*Requirement*.
Repeat the records below exactly, from the first line through the line containing "40042 Calle Real, Murrieta, CA", and leave out any pictures.

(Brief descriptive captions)
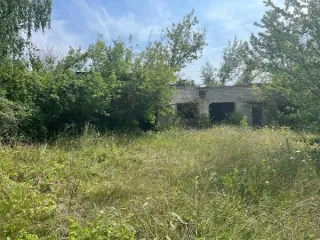 Здание школа 1103,6 кв.м и здание котельная 153,5 кв.м с земельным участком 24693 кв.м Липецкая область Здание «Здание - школа» с кадастровым номером 48:08:1980303:44 площадью 1103,6 кв.м, назначение: нежилое; здание «Здание - котельная» с кадастровым номером 48:08:1980303:45 площадью 153,5 кв.м…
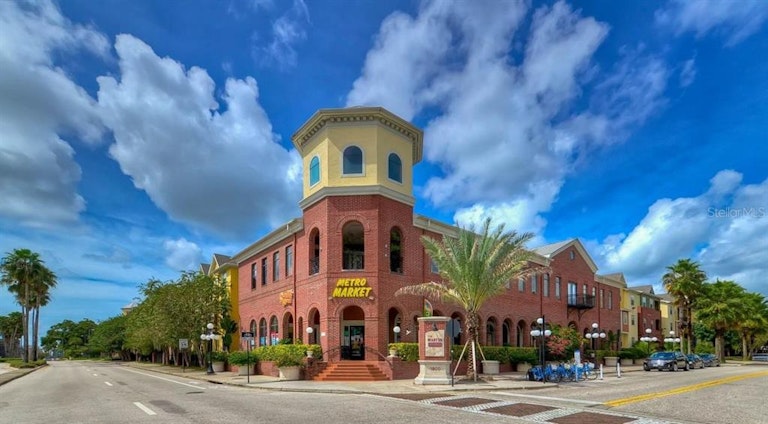 Photo 1 of 29 - 1810 E Palm Ave #5204, Tampa, FL 33605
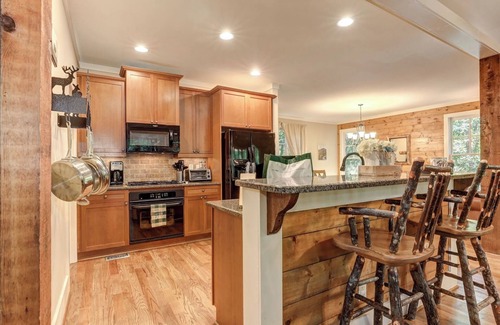 Big Canoe Casa | Stars Align Cottage - Relaxing Hot Tub, Home in Big Canoe + More!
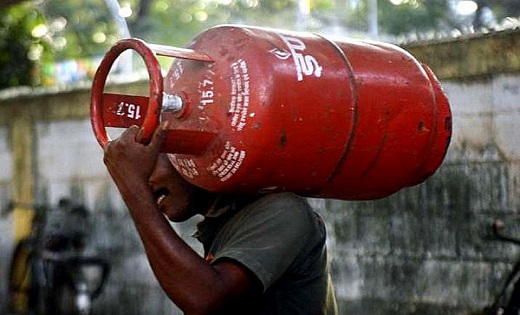 सीएम साय का बड़ा बयान : बहुत जल्द मिलेगा 500 रूपये में गैस सिलेंडर...जानें तारीख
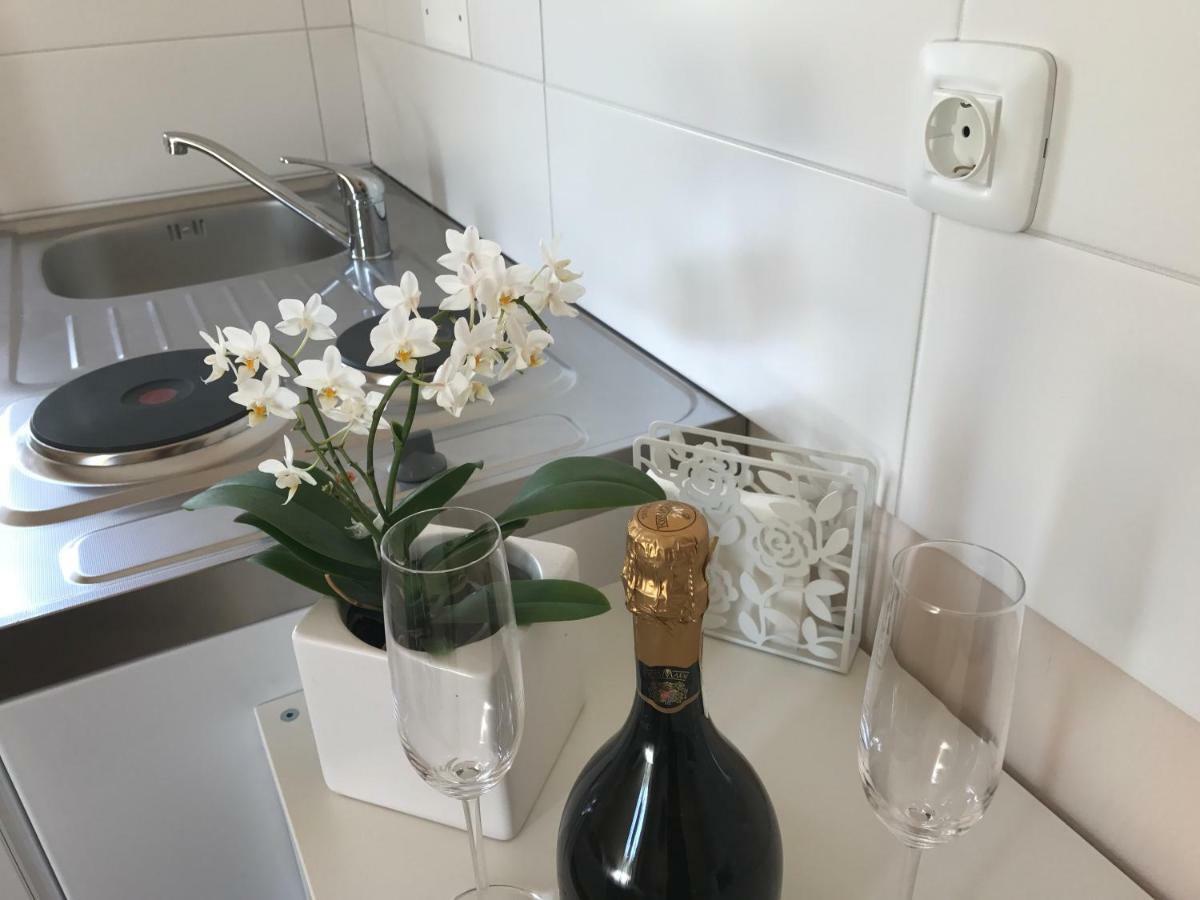 Linden Garden Apartment โพสโตยนา ภายนอก รูปภาพ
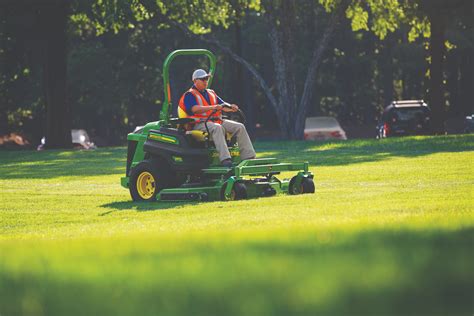 How do you cut grass with a zero turn mower?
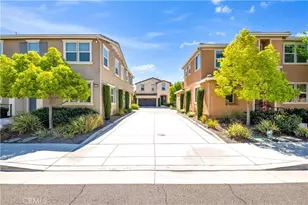 40042 Calle Real, Murrieta, CA 92563 - Photo 6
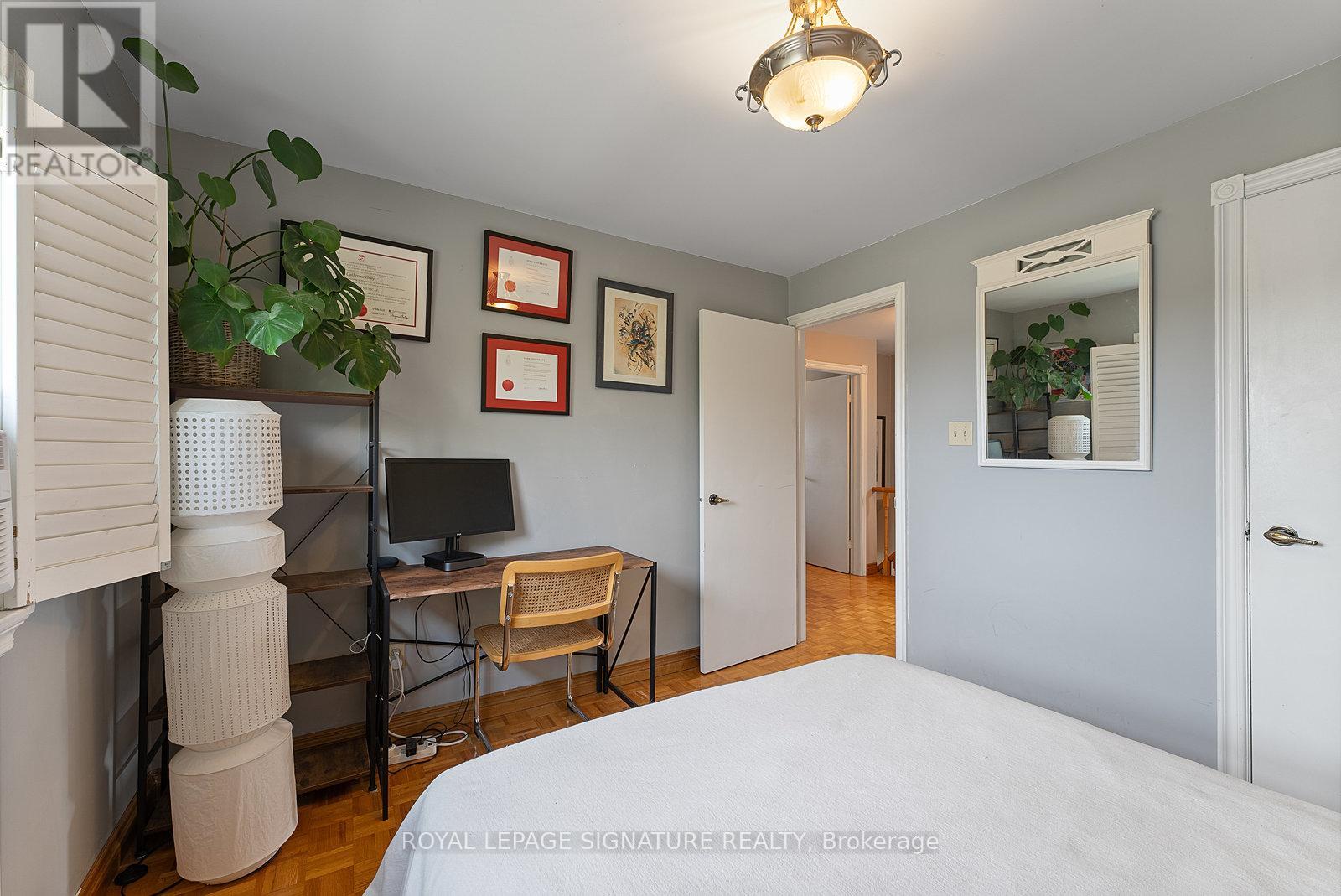 Photo 34 of 126 Harding Avenue, Toronto ON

*Response to the exercise*.
 Здание школа 1103,6 кв.м и здание котельная 153,5 кв.м с земельным участком 24693 кв.м Липецкая область Здание «Здание - школа» с кадастровым номером 48:08:1980303:44 площадью 1103,6 кв.м, назначение: нежилое; здание «Здание - котельная» с кадастровым номером 48:08:1980303:45 площадью 153,5 кв.м…
 Photo 1 of 29 - 1810 E Palm Ave #5204, Tampa, FL 33605
 Big Canoe Casa | Stars Align Cottage - Relaxing Hot Tub, Home in Big Canoe + More!
 सीएम साय का बड़ा बयान : बहुत जल्द मिलेगा 500 रूपये में गैस सिलेंडर...जानें तारीख
 Linden Garden Apartment โพสโตยนา ภายนอก รูปภาพ
 How do you cut grass with a zero turn mower?
 40042 Calle Real, Murrieta, CA 92563 - Photo 6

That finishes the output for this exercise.